| Task objective |
Output only the stretch of the listing that starts at the line containing "FOREO FAQ Anti-Wrinkle Patches - Forehead" and ends at the line containing "metal partial denture", reproduced exactly with both ends.

[[ Records provided open ]]

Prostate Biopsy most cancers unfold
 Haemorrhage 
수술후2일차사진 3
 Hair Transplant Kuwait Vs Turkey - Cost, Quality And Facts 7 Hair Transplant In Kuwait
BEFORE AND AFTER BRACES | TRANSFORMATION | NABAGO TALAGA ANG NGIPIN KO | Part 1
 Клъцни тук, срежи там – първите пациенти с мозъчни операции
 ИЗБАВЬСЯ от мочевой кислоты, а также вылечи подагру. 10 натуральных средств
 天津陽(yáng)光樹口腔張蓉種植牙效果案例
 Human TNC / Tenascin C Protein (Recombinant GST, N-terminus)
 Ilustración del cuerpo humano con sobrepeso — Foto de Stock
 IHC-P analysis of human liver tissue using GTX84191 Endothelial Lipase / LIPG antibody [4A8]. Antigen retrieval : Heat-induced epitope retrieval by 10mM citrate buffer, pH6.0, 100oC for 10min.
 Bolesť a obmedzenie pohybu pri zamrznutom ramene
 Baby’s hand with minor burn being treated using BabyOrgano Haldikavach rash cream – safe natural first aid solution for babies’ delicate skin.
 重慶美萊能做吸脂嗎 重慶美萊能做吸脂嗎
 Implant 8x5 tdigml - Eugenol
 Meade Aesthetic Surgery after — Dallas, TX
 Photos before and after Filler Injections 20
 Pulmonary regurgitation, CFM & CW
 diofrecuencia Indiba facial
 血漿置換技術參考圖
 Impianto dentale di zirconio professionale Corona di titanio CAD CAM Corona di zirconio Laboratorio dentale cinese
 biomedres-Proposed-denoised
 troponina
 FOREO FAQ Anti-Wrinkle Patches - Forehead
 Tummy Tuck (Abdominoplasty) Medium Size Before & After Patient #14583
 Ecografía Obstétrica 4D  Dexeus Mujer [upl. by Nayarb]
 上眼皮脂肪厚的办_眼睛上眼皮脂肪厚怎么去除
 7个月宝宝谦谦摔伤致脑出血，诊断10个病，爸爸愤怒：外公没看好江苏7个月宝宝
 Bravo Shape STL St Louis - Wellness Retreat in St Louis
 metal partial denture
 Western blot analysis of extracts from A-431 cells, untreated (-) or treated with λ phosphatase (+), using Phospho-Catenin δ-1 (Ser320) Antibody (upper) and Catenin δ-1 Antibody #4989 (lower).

[[ Records provided closed ]]

| Written solution |
 FOREO FAQ Anti-Wrinkle Patches - Forehead
 Tummy Tuck (Abdominoplasty) Medium Size Before & After Patient #14583
 Ecografía Obstétrica 4D  Dexeus Mujer [upl. by Nayarb]
 上眼皮脂肪厚的办_眼睛上眼皮脂肪厚怎么去除
 7个月宝宝谦谦摔伤致脑出血，诊断10个病，爸爸愤怒：外公没看好江苏7个月宝宝
 Bravo Shape STL St Louis - Wellness Retreat in St Louis
 metal partial denture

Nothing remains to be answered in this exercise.